What are Fix-and-Flip loans?
Fix-and-Flip loans refer to short-term loans which are used by ‘Flippers’ or real estate investors who buy a property, improve or renovate it and sell it for a higher price to other buyers for earning profit. Fix-and-Flip loans are specifically used for residential real estate investment, that is investment in homes and not office buildings or schools.
After buying a property at a foreclosure or an auction, a real estate investor might choose to sell the property as-it-is to the next buyer or choose to upscale it before selling to be able to charge a higher rate. This is where the investor requires a Fix-and-Flip loan which can cover the cost of refurbishing the property. A Fix-and-Flip loan is a short-term loan and thus extends up to a period of 12 to 18 months.
What can a Fix-and-Flip Loan be used for?
The investors can use Fix-and-Flip loans for doing the following tasks:
- Purchasing a property: Investors can take these loans for the purchase of a property that they intend to sell in the short-term.
- Renovation or rehabilitation of a property: The loan is primarily taken for flipping properties. This includes fixing faults in the house, painting the interior and exterior, placing tiles where needed, installing new chimneys, kitchen cabinets, furniture, and other equipment to provide better facilities.
- Construction of a new house: You can take this loan to build a new home on an empty plot bought to sell the plot in the near future.
Why Real Estate Investors & Lenders Prefer Fix-and-Flip Loans?
Real estate investors who deal in flipping and upselling houses prefer Fix-and-Flip loans to traditional bank loans due to the following reasons:
- It is less risky: Fix-and-Flip loans are comparatively less risky than other types of personal loans because, in personal loans, a person’s own property is a collateral and thus at risk in case of a default. But, in Fix-and-Flip loans, the plot, which is meant to be renovated, is the collateral. This reduces the risk of personal loss in case of loan default.
- More accessible than traditional loans: Taking a Fix-and-Flip loan is a flexible option; they do not include a rigid procedure like that required to obtain a conventional bank loan. Some borrowers who cannot avail traditional bank loans can still get the benefit of a Fix-and-Flip loan.
- Quicker funding than traditional home loans: Real estate investors who buy properties from foreclosures and auctions need quick money in hand. This is so that they can purchase the properties at once. For this, Fix-and-Flip loans prove beneficial as they are delivered faster than a traditional home loan, which goes through a time-consuming process before the loan can be availed.
Fix-and-Flip loans are not just beneficial to the real estate investors but also to the lenders. It benefits them in the following ways:
- They are short-term: Fix-and-Flip loans are short-term loans for 12 to 18 months. Thus, they can almost guarantee the lenders to benefit from their investment within a short period of a year or two.

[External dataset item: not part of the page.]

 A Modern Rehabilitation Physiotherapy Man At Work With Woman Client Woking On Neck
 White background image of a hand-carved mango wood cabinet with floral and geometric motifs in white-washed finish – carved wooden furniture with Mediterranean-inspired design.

- Secured collateral: If the borrower is unable to pay back the loan, then the lender can seize the plot for which the loan was taken. He could then sell this land to compensate the cost of lending or be further renovated by the lender himself and be sold for higher prices.
How Do They Work?
Following are the ways you can go about getting a Fix-and-Flip loan as a real estate investor:
Getting Loans from Private Lenders:
These are individual people with enough wealth to lend money. They are often willing to provide loans to make an investment and monetary increment. They are similar to hard money lenders but have more relaxed terms and conditions of the loan. Their offers are negotiable and thus flexible. They can put up offers like splitting the profit instead of charging a rate of interest.
Getting Loans from Online Private Lenders:
Online private lenders are another great option for finding Fix-and-Flip loans at minimal interest rates. They are quick, easily accessible, do not require a lot of paperwork and versatile as per the real estate investor’s requirements.
One such trusted online lender service is Venus Capital. It is faster, easier and requires only 10% down for experienced investors. It provides loans of $150,000 up to $2,000,000.
Getting Loans from Family or Friends:
You can also try to get a loan from a near relative or friend who is willing to invest in your Fix-and-Flip project. In these cases, the interest rates and terms of contract can be negotiated accordingly.
Getting Loans from a Partner:
If you are a real estate investor with a more experienced partner or someone who is well off in terms of money, then the partner could invest in payment of the plot and cost of renovation at a lower interest rate. In turn, you can look after the management of resources for the project.
Getting Loans via Crowdfunding:
Crowdfunding refers to a way of giving loan in which various parties (including individuals and firms) pool in to provide loan for a particular cause. Each investor supplies a percentage of money for the loan and gets interest on that percent.
Though not all crowdfunding sites are suitable for funding a Fix-and-Flip project, there are some crowdfunding websites that are tailored specially for funding Fix-and-Flip loans.
In conclusion, Fix-and-Flip loans are helpful to real estate investors looking to upsell a residential site. They are not as formal or procedural as a traditional bank loan; this allows for quicker and negotiable loan options. Thus, they are beneficial to both the borrower and the lender. You can choose from the options according to your requirements.